### ASSIGNMENT:
Transcribe the lines below exactly. No image belongs in the transcription.
AVAILABLE DATA section start
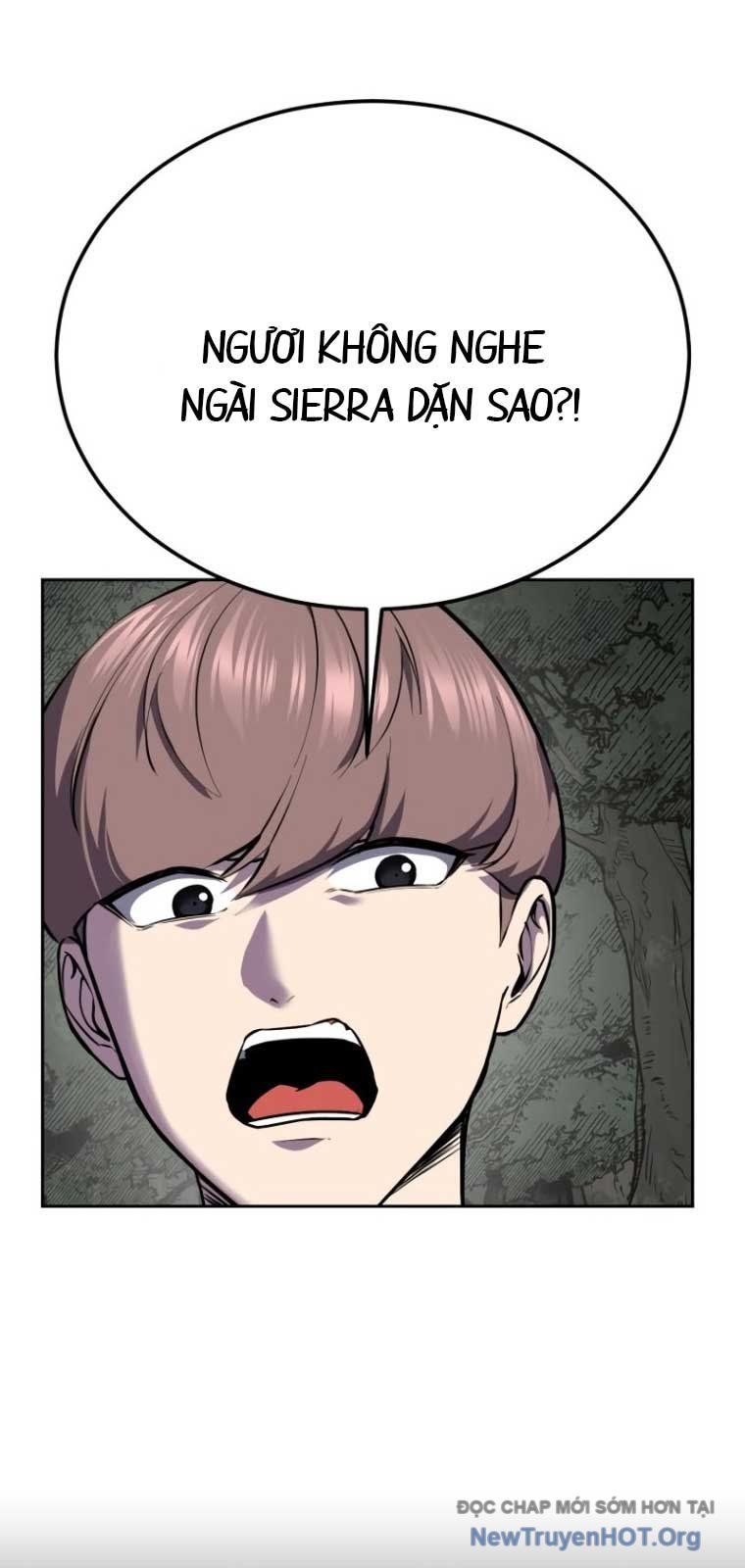 Cậu Bé Của Thần Chết Chap 288 - Next Chap 289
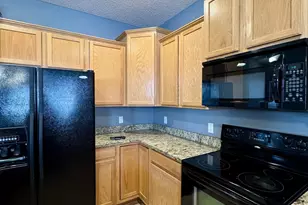 3429 125th Dr NE, Blaine, MN 55449 - Photo 6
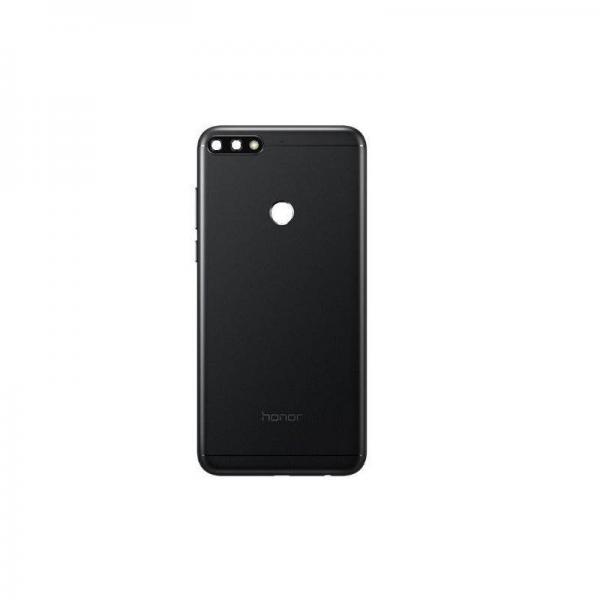 TAPA HONOR 70 SILVER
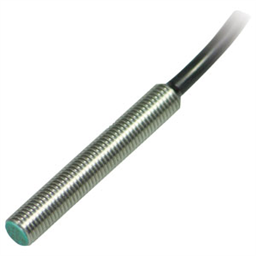 купить Inductive sensor NBB2-8GS30-E3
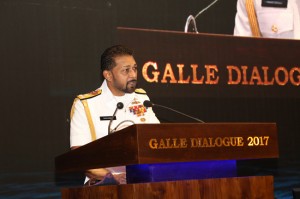 Galle-Dialogue-2017 (1)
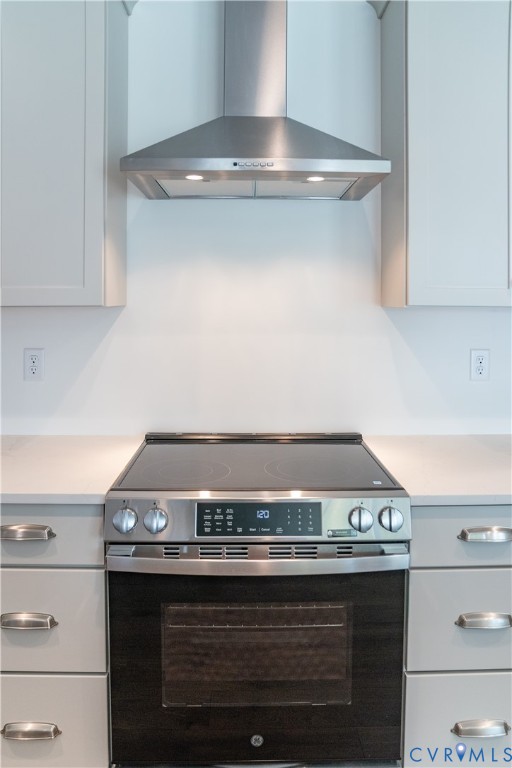 12372 Garnet Parke Circle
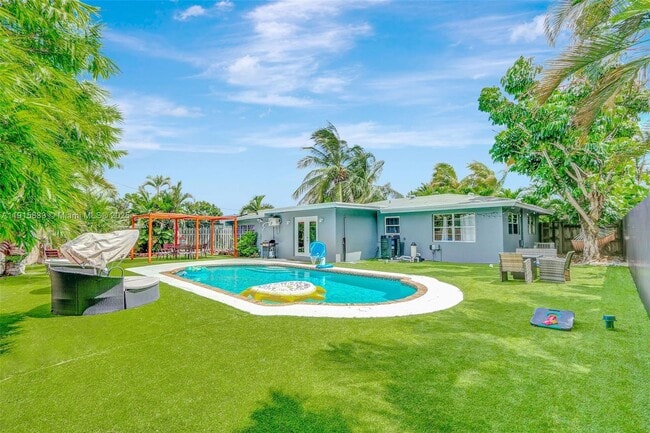 Photo - 2809 NW 7th Ave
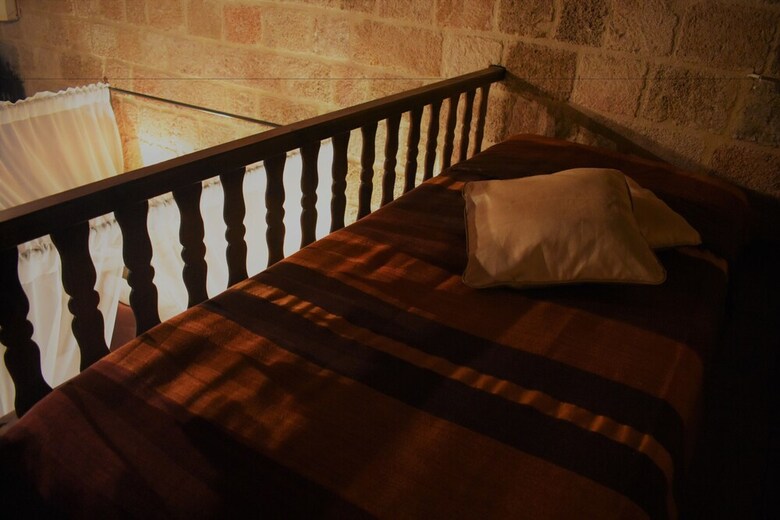 Hotel Saint Nikolis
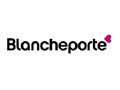 Blancheporte.be Promo Code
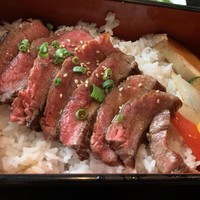 米澤牛DINING べこや - 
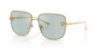 Picture of Versace Sunglasses VE2282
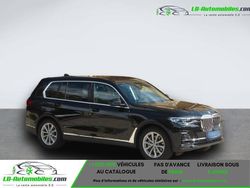 Utilisé 2019 BMW 340 Sport Line | 67 800 € (Prix cher)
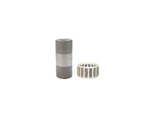 Top Crank Pin & Big End Bearings Kit For Honda 80RB 85RB Con-rods. Fixed Price $70.00.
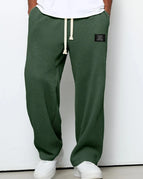 Dark Green / S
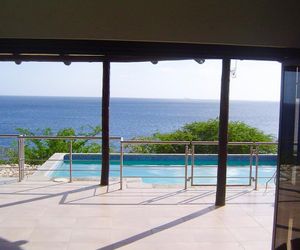 EL PUEBLO Kralendijk Netherlands Antilles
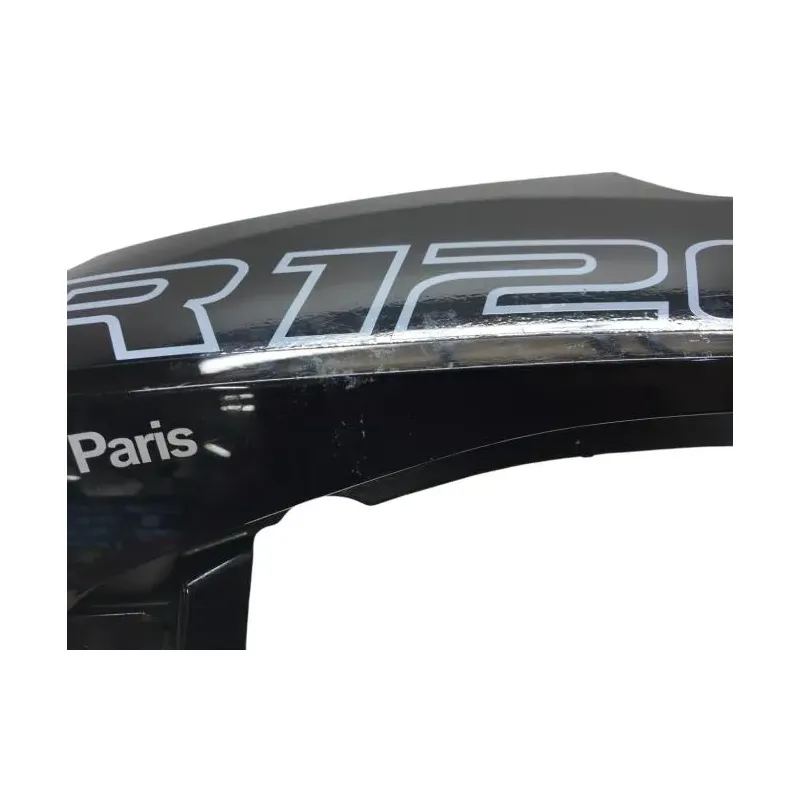 Garde boue avant BMW R 1200 GS 2014-2018 LC ADVENTURE K51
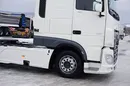 DAF 106 / 480 / EURO 6 / ACC / MEGA / LOW DECK / SUPER SPACE CAB zdjęcie 18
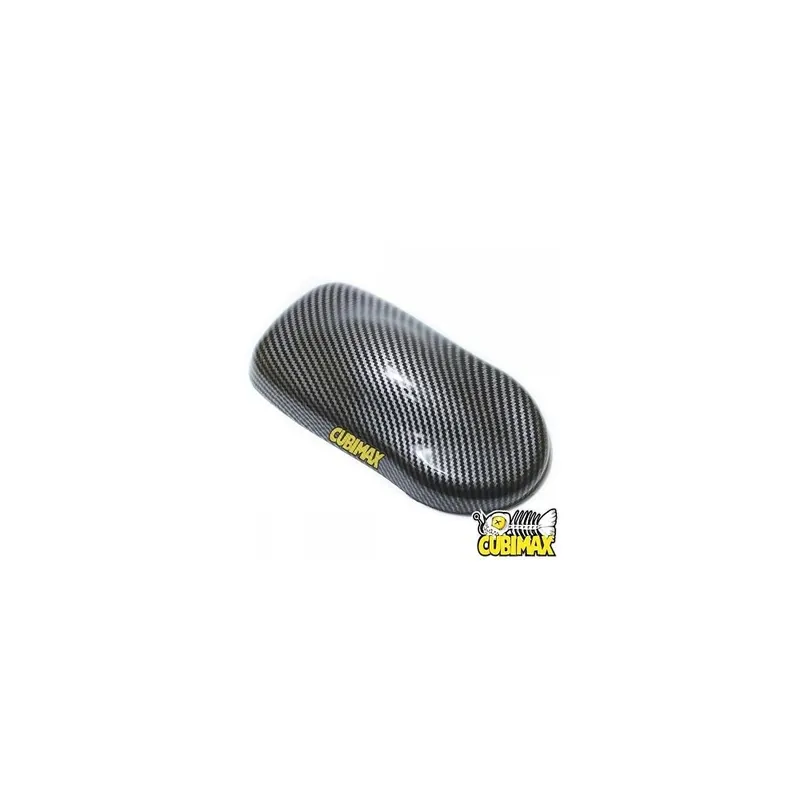 Prezzo Di Fabbrica CUBIMAX h100 Carbonio Realistic Pellicola per Cubicatura e WTP Water Transfer Pr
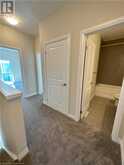 261 WOODBINE Avenue Unit# 33 Kitchener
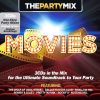 Download track Here Comes The Hotstepper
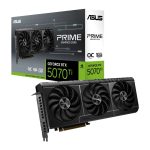 Asus PRIME-RTX5070TI-O16G - Image 14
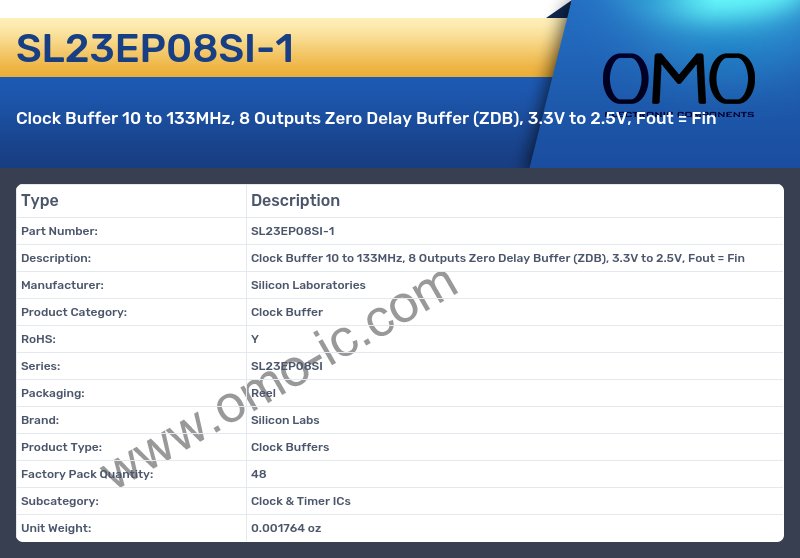 SL23EP08SI-1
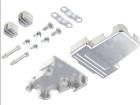6550-0100-02  Connectors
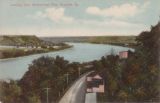 Maysville, Kentucky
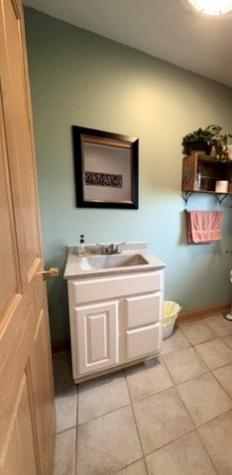 31025 North 2400 East Road Dwight IL 60420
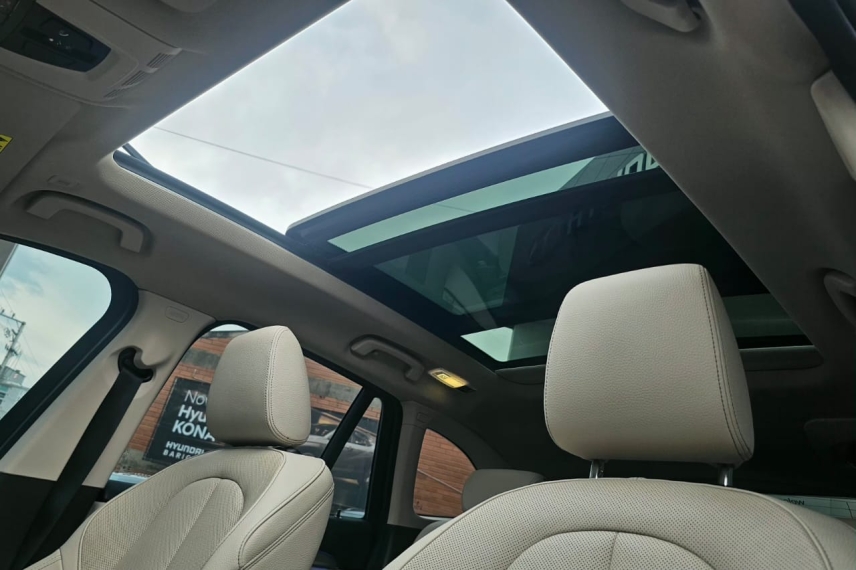 bmw x1 2.0 16v turbo activeflex sdrive20i x-line 4p automatico flex 202212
AVAILABLE DATA section end
### SOLUTION:
 Cậu Bé Của Thần Chết Chap 288 - Next Chap 289
 3429 125th Dr NE, Blaine, MN 55449 - Photo 6
 TAPA HONOR 70 SILVER
 купить Inductive sensor NBB2-8GS30-E3
 Galle-Dialogue-2017 (1)
 12372 Garnet Parke Circle
 Photo - 2809 NW 7th Ave
 Hotel Saint Nikolis
 Blancheporte.be Promo Code
 米澤牛DINING べこや - 
 Picture of Versace Sunglasses VE2282
 Utilisé 2019 BMW 340 Sport Line | 67 800 € (Prix cher)
 Top Crank Pin & Big End Bearings Kit For Honda 80RB 85RB Con-rods. Fixed Price $70.00.
 Dark Green / S
 EL PUEBLO Kralendijk Netherlands Antilles
 Garde boue avant BMW R 1200 GS 2014-2018 LC ADVENTURE K51
 DAF 106 / 480 / EURO 6 / ACC / MEGA / LOW DECK / SUPER SPACE CAB zdjęcie 18
 Prezzo Di Fabbrica CUBIMAX h100 Carbonio Realistic Pellicola per Cubicatura e WTP Water Transfer Pr
 261 WOODBINE Avenue Unit# 33 Kitchener
 Download track Here Comes The Hotstepper
 Asus PRIME-RTX5070TI-O16G - Image 14
 SL23EP08SI-1
6550-0100-02  Connectors
 Maysville, Kentucky
 31025 North 2400 East Road Dwight IL 60420
 bmw x1 2.0 16v turbo activeflex sdrive20i x-line 4p automatico flex 202212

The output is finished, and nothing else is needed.